Possessions end up possessing you and no matter how much you love them, they do not and cannot return your love. Pleasure, though quixotically addictive and fun, tends to fade rather quickly. The void left behind immediately demands newer and newer pleasures until, ironically, the idea of pleasure recoils back upon itself, becomes utterly perverted, and becomes saturated with sadism.

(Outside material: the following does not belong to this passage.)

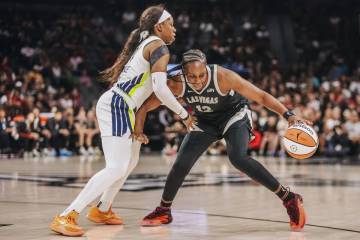 Aces guard Chelsea Gray (12) works against Dallas Wings guard Arike Ogunbowale (24) with the ba ...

What is left after the possessions turn cold and the pleasures run black? In all honesty, not much. Nothing, in fact. This point marks the border of nihilism, the vast poisonous belief desert of nothingness which inevitably leads to despair. What is despair? Amnesia of meaning. Abandonment of hope. Rejection of faith. Past societies had built-in safety mechanisms to combat such existential crises, but modern societies have contempuously cast these aside thinking, rather foolishly, that the fight against despair is one they would never have to fight and, in the unforeseen event that they would, that materialism and pleasure would provide them with the weapons needed to win the battle.
The problem is, they haven't.
This why the rediscovery of faith and hope are crucial. They are the only things that can, not only save us, but also give us lives that are worth living. Even if we are defeated, we go down swinging or, at the very least we go down smiling, which is far more noble and human than allowing darkness to corrode us before simply cratering in on ourselves and existentially imploding.
Faith is a deep sense, seemingly bottomless, that despite so-called evidence to the contrary, absolutes exist. And hope is the undying belief that these absolutes will ultimately triumph, regardless of how bleak and meaningless the present might appear. Both are crucial and both are needed, perhaps now more than ever.